Because then there would be no villagers left!


----------



## cement (Mar 25, 2007)

Where was it found, and how would they catch it?


----------



## jay76 (Mar 25, 2007)

That is one big snake


----------



## chic parma (Mar 25, 2007)

I know for a fact that they caught it by singing it lullabies. lol
actually I don't have a clue :lol:


----------



## Mangy_Wombat (Mar 26, 2007)

I bet the poor thing has been eaten by the villagers by now.

Lovely big snake.


----------



## bunnykin (Mar 26, 2007)

humans!!!


----------



## Driake (Mar 26, 2007)

Geeez thats massive!


----------



## snakeboy5000 (Mar 27, 2007)

i saw another retic python and the villiges caught it and eventuly they ate it and thats so sad


----------



## Hickson (Mar 27, 2007)

That particular snake is in a zoo in Central Java. That's why they don't eat it.
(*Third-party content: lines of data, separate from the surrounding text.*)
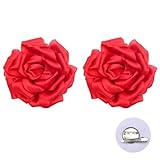 Combinaison exquise : cet ensemble exquis comprend deux pinces à cheveux en forme de rose rouge soigneusement conçues. Chaque pièce peut facilement se transformer en une charmante broche, vous offrant plusieurs options de style pour correspondre à toutes les tenues ou occasions. Il s'agit d'un ensemble parfait d'accessoires pour cheveux rouges pour créer un look complet.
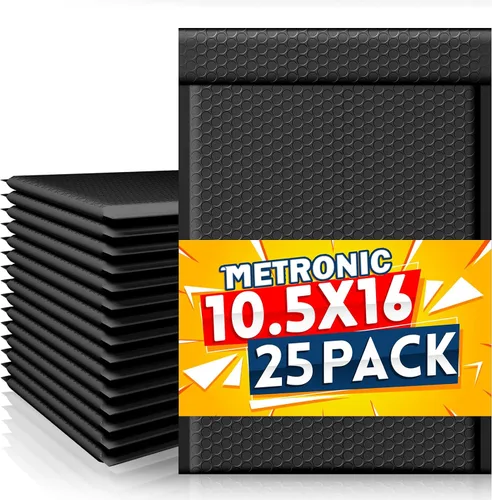 Vista 46 de Metronic Sobres de burbujas de 6 x 10 pulgadas, paquete de 100 sobres Azul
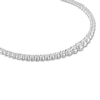 Thumbnail Image 2 of Diamond Tennis Necklace 9 ct tw Round 14K White Gold 16&quot;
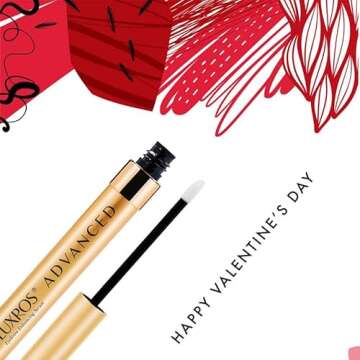 LUXROS Advanced Growth Serum for Full, Thick Eyebrows - USA Made, See Results in 4-8 Weeks (5 ml)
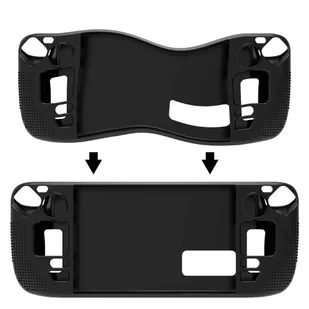 Pancerne etui ochronne silikonowe PGTECH TPU Case do konsoli do Steam Deck Czarne + Szkło - Akcesoria do Nintendo - miniaturka - grafika 7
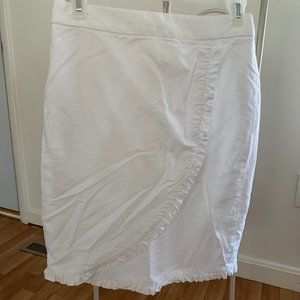 Jcrew Ruffled Edge Pencil Skirt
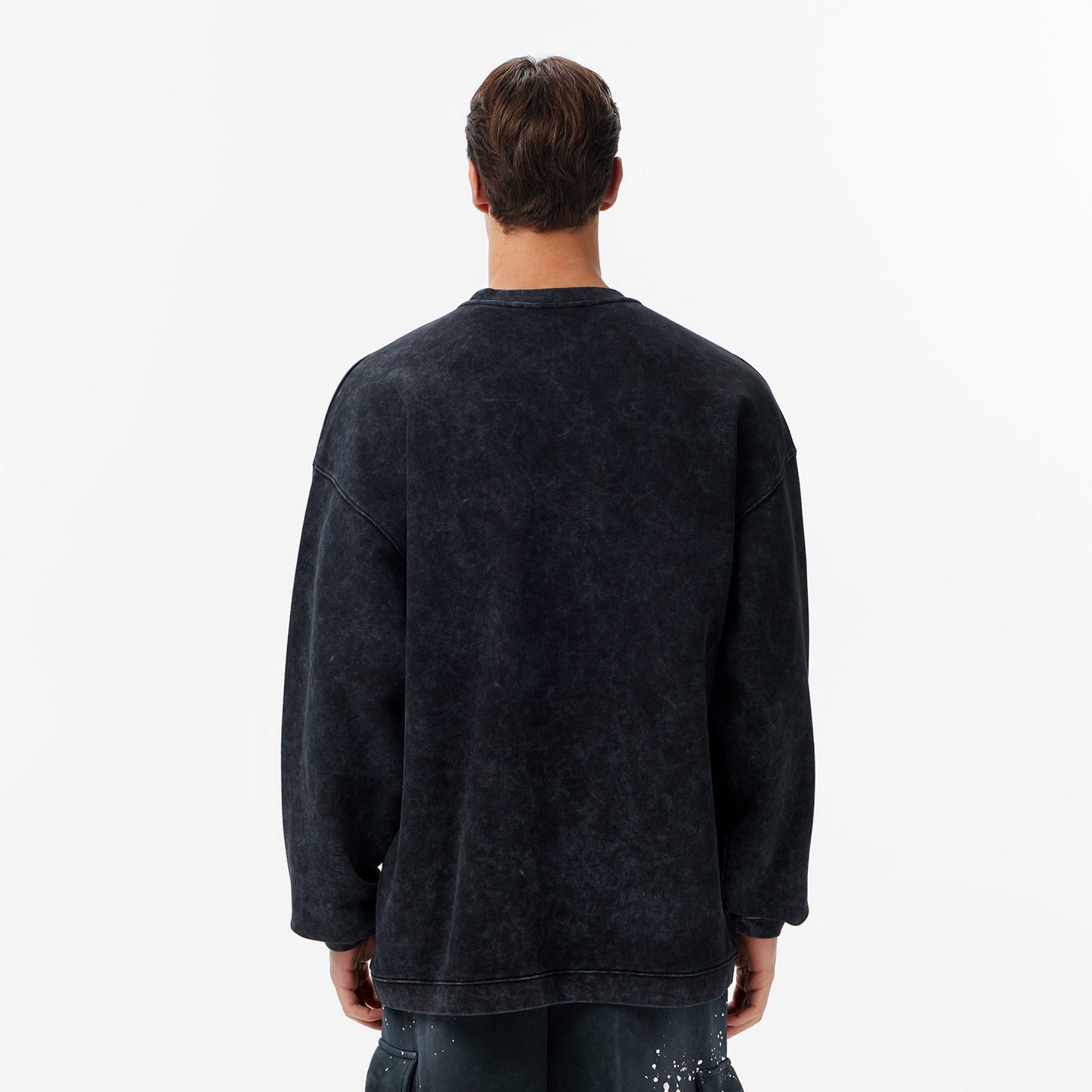 Les Benjamins Regular Fit Erkek Siyah Sweatshirt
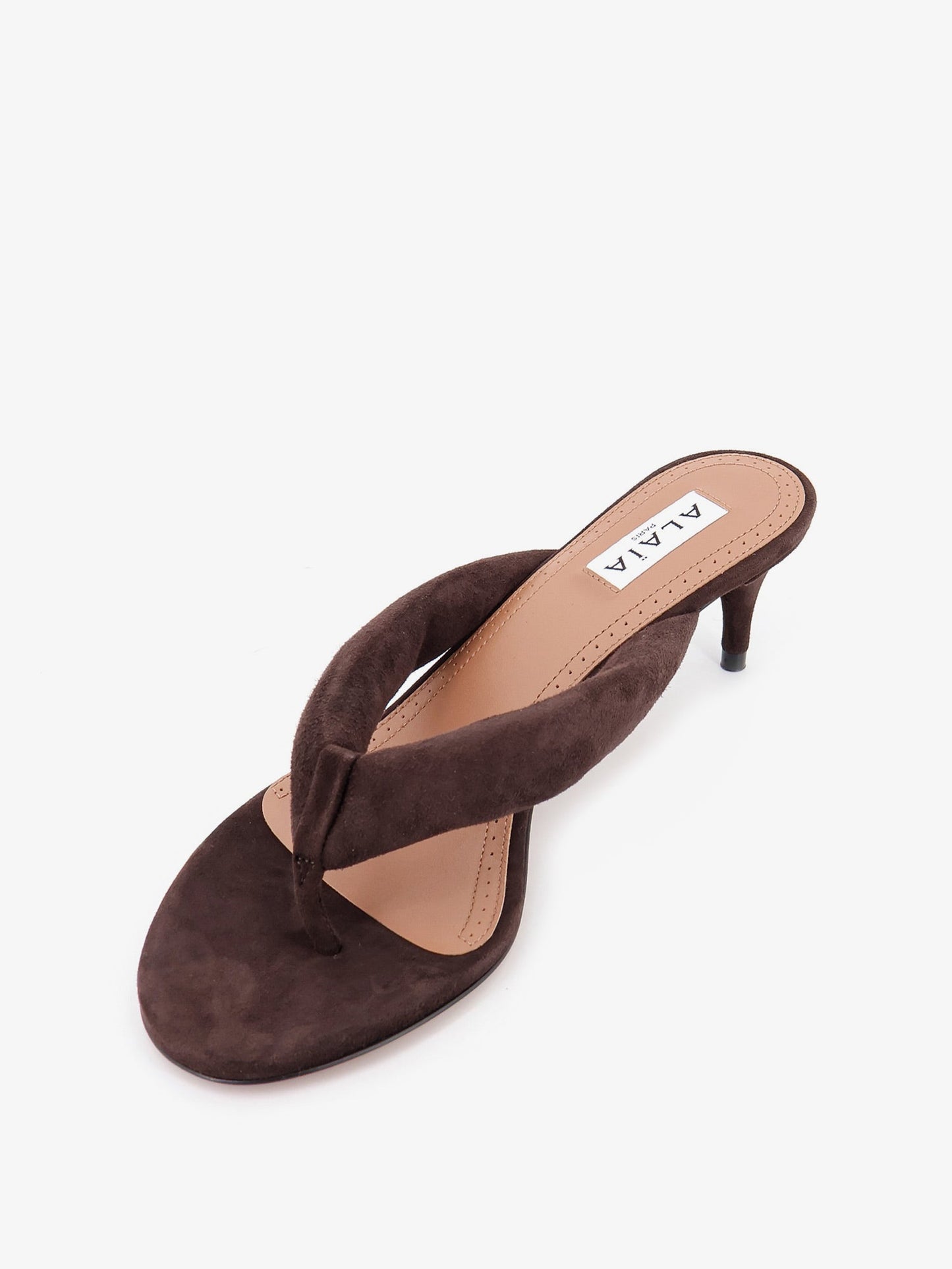 Alaia Women Suede Heeled Sandals ALAIA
It gets fed goats and dogs.



Hix


----------



## Kali7 (Mar 27, 2007)

http://www.cnn.com/2003/WORLD/asiapcf/southeast/12/29/offbeat.giant.snake.ap/index.html is the article - decide for yourselves!


----------



## Kali7 (Mar 27, 2007)

then read this: http://urbanlegends.about.com/b/a/055724.htm


----------



## cringles (Mar 27, 2007)

Yeh the Courier Mail Brisbane had an article on it a while back they compared it to a bus 13.1metres long v's the retic at 14.85 metres , apparently fed 4 dogs a month!! alive or dead i don't know I'd say you'd have to see it in the flesh to believe the size of it , I know i lost a carton of crownies over it size id didn't believe it!! wouldn't mind a trip over there though.
cheers,
cringles :lol: :lol: :lol:


----------



## Kali7 (Mar 27, 2007)

THE LONGEST SNAKE
THE LONGEST LIST OF THE LONGEST STUFF AT THE LONGEST DOMAIN NAME AT LONG LAST

So what is the longest snake in the world?

The worlds longest snake was a Reticulated Python, found in Indonesia in 1912.

Length: 32 feet 9 1/2 inches

In 2003 Indonesian villagers claimed to have caught a 49 foot python, but the reports came up short. The python only measured 23 feet.


----------



## junglecarpet (Mar 27, 2007)

I agree, it doesnt look 49 feet long to me! It should be in a better enclosure the poor thing


----------